Стриж может замедлить свой полет до такой скорости, что его без особой ловкости, стоя на месте, можно взять рукой (догадливые кошки успешно ловят их на крышах во время вечерних полетов-гонок). Но медленный полет утомителен для этого скоростного летуна, потому что площадь крыльев в разных режимах работы изменяется незначительно, и чтобы сохранить достаточную подъемную силу и не упасть при снижении скорости, стриж должен участить взмахи. Зато скорость за сто километров в час для него прогулочная. Несколько секунд он может лететь вровень с самолетом АН-2. Стриж способен долго без единого взмаха крыльями висеть на месте или, сложив скорость ветра с собственной, пронестись мимо наблюдателя, как стрела, полет которой трудно уловить взглядом. Изменение скорости полета в возможных пределах совершается в какие-то мгновения: несколькими неуловимыми взмахами крыльев птица доводит ее до стапятидесятикилометровой и тут же гасит до нуля.

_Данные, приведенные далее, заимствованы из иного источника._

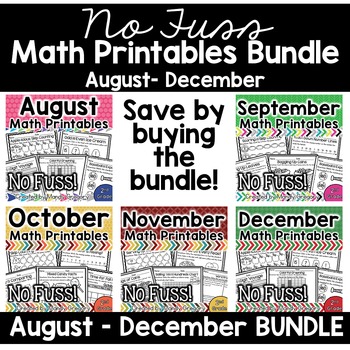 No Fuss Math Printables August-December Bundle (2nd Grade)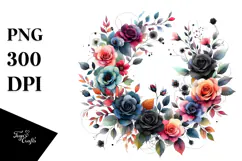 Colorful Floral Black Roses Frame PNG Product Image 1
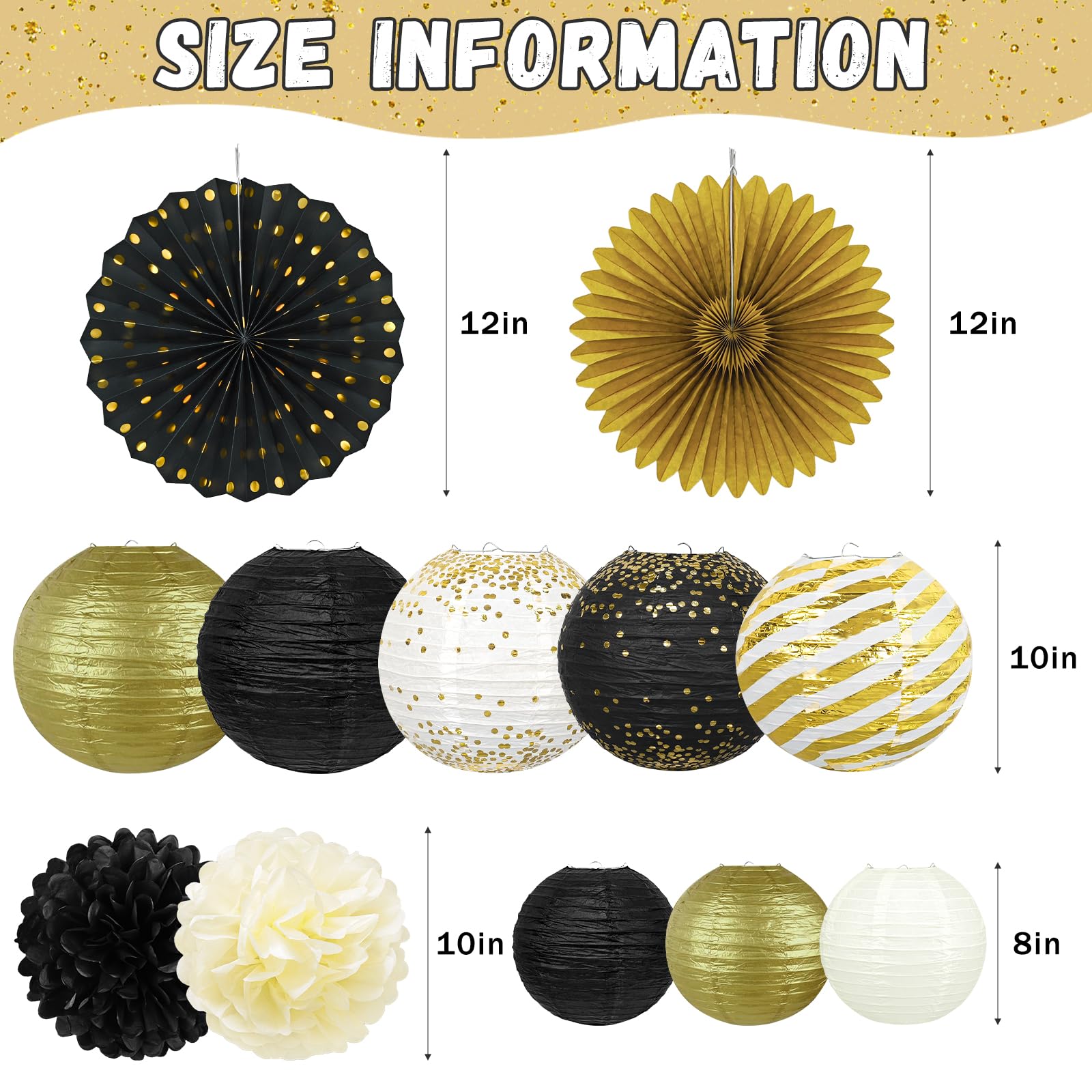 Peywot 10inch black gold paper lanterns for elegant backdrops.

Стриж всепогоден, то есть для него не существует нелетной погоды, и он одинаково уверенно чувствует себя и в абсолютный штиль, и при штормовом ветре. Ни дождь, ни густой туман не заставят его отсиживаться в ожидании ясного неба под крышей. Он знает, что выше тучи — чистое небо, и смело проходит ее насквозь, если нельзя облететь стороной. Теплому летнему дождю радуется, с такой лихостью носясь под его струями, что его воздушное купание, кажется, вызывает зависть у спрятавшегося под навес воробья: вот бы и мне так полетать!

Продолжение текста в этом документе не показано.